テレビ東京系「孤独のグルメ Season8」第10話が、12月6日に放送された。師走の忙しい五郎さん(松重豊)には、「ブリ照り焼き」と「クリームコロッケ タルタルソース添え」が染みに染みた。

「孤独のグルメ Season7」Blu-ray BOX

不思議ちゃんな定食屋
12月の忙しい時期に、五郎さんが訪れたのは東京・世田谷区豪徳寺。商談相手の内田良夫(きたろう)は、一見気さくな雰囲気だけど、なんだかやりづらい。五郎さんを持ち上げるだけ持ち上げておいて、自分のミスから難癖をつけてくる。

本来なら10分で終わる商談に時間をかけてしまった五郎さんは、「ドッと疲れて」「ムチャクチャ腹が減った」。まだ外は明るいが、仕事を後回しにして夕食を取ることにした。

「なんだろう、この内装。かるーく不思議ちゃん」

たどり着いたのは定食屋「旬彩魚 いなだ」。バーのような喫茶店のような外観&内装なのに、食べられるものは魚中心の定食だ。かと思えば、「チキンバジル」なんてイメージ通りのメニューも揃っている。カウンターに大皿で料理が並ぶクラシックな食堂の一面も持っていて、かるーく不思議ちゃんだ。
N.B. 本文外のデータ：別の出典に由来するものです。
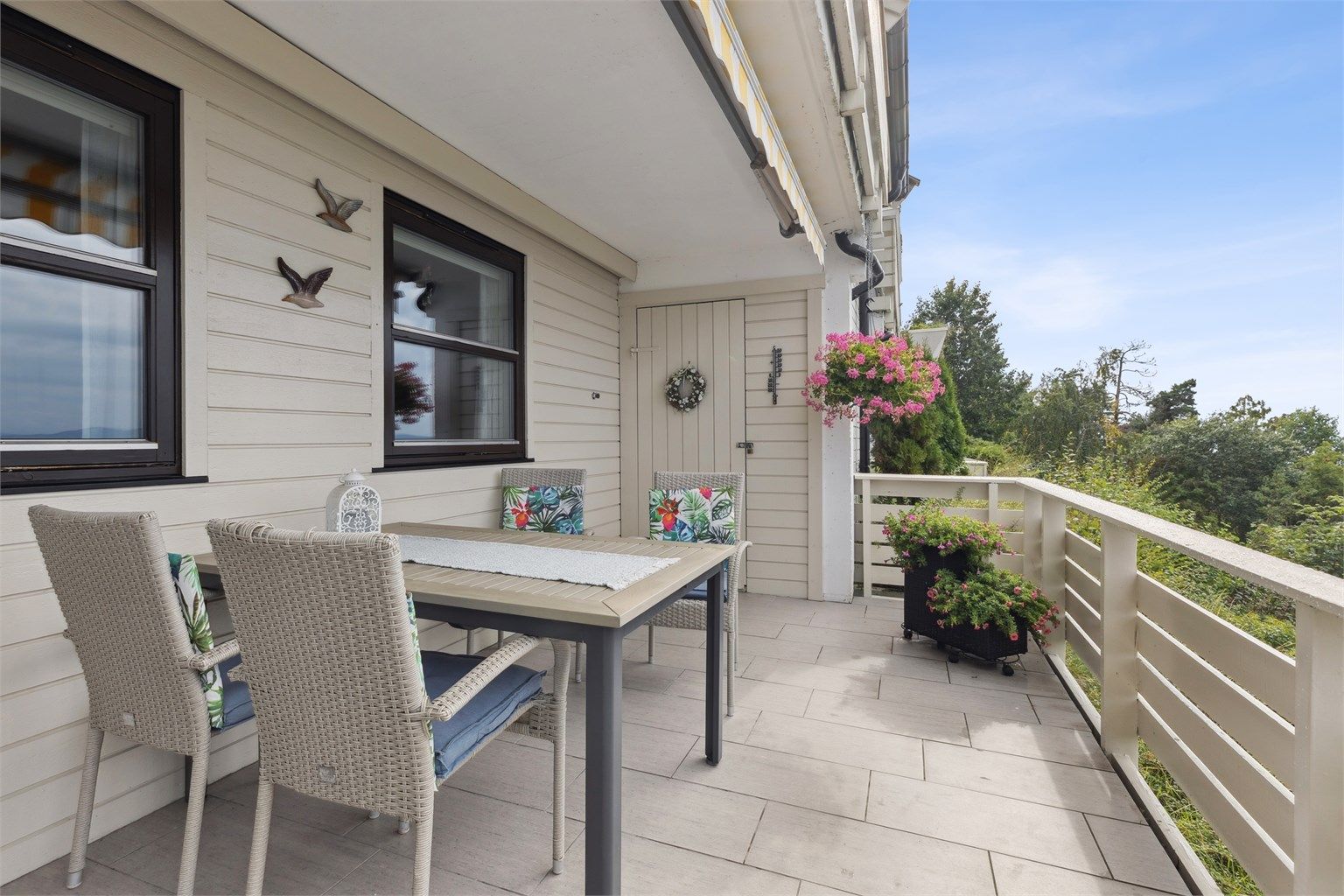 Her kan du møblere med flere sittegrupper og spiseplass. Et herlig sted å nyte solfylte dager, svale kvelder og fantastiske solnedganger.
おじさんは焼き魚をオシャレな気持ちで食べられるし、若い女の子はオシャレなふりして焼き魚を食べられる。ちなみに僕はこの店の近くを通ったことがあるが、外観と立て看板に書かれたメニューのギャップに混乱して、入店を見送ったことがある。中も見えないから。

師走らしからぬ定食屋
「銀サケの西京焼き」「上さばの塩焼き」「特上さばの塩焼き」「厚切り銀ダラの照焼き」「特厚とろほっけの開き」など、黒板に書かれているメニューのラインナップは、明らかにこだわっている店だ。1000円〜1500円で、ちょっと何かを付けたら2000円を超える。プチ贅沢と言った感じ。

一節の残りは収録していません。